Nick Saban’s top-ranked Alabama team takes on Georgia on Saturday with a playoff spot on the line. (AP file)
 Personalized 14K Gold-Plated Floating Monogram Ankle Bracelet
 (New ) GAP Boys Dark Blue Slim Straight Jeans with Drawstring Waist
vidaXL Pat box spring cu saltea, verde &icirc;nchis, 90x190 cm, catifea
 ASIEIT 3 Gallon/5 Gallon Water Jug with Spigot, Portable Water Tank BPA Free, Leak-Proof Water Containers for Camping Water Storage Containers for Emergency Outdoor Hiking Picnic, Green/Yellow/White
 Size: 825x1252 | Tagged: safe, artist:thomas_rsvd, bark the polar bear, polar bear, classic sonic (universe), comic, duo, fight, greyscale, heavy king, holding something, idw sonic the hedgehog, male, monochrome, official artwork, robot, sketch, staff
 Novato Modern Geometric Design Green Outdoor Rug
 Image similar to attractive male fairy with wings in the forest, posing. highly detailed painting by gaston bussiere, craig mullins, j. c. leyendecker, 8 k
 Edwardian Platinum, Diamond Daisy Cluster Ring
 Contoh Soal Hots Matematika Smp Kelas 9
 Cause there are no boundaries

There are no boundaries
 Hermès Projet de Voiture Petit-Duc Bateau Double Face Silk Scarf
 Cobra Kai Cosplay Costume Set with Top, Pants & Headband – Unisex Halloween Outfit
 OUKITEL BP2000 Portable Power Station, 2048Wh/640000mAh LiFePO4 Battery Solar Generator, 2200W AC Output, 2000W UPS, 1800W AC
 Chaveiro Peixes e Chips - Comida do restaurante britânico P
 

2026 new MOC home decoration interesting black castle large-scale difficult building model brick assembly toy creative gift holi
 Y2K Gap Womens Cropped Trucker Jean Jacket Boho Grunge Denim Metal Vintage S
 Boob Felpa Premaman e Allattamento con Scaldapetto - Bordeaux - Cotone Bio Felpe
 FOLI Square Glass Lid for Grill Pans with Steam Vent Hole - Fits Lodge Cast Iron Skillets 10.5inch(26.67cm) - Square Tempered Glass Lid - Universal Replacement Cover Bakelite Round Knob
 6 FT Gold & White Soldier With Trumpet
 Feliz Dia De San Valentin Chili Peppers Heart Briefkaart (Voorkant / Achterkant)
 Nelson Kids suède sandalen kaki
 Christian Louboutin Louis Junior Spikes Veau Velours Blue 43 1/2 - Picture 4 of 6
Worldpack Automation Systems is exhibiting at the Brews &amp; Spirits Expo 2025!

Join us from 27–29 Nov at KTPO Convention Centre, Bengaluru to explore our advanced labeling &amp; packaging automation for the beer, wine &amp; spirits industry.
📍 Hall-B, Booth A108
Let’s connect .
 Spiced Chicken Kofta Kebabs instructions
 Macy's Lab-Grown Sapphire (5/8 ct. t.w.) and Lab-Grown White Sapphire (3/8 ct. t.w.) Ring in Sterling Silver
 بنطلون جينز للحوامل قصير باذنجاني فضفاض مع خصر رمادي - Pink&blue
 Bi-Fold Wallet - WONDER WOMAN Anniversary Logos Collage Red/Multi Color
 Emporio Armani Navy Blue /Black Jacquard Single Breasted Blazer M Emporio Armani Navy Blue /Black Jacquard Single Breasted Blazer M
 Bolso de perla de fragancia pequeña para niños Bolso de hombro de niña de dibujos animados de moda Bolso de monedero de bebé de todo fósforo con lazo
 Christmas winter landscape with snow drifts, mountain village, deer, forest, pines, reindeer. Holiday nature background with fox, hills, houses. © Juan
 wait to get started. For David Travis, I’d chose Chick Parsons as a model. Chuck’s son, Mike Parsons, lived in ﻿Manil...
•••••
Lines holding "forest" are the ones to copy; find all of them in the listing.

 Image similar to attractive male fairy with wings in the forest, posing. highly detailed painting by gaston bussiere, craig mullins, j. c. leyendecker, 8 k
 Christmas winter landscape with snow drifts, mountain village, deer, forest, pines, reindeer. Holiday nature background with fox, hills, houses. © Juan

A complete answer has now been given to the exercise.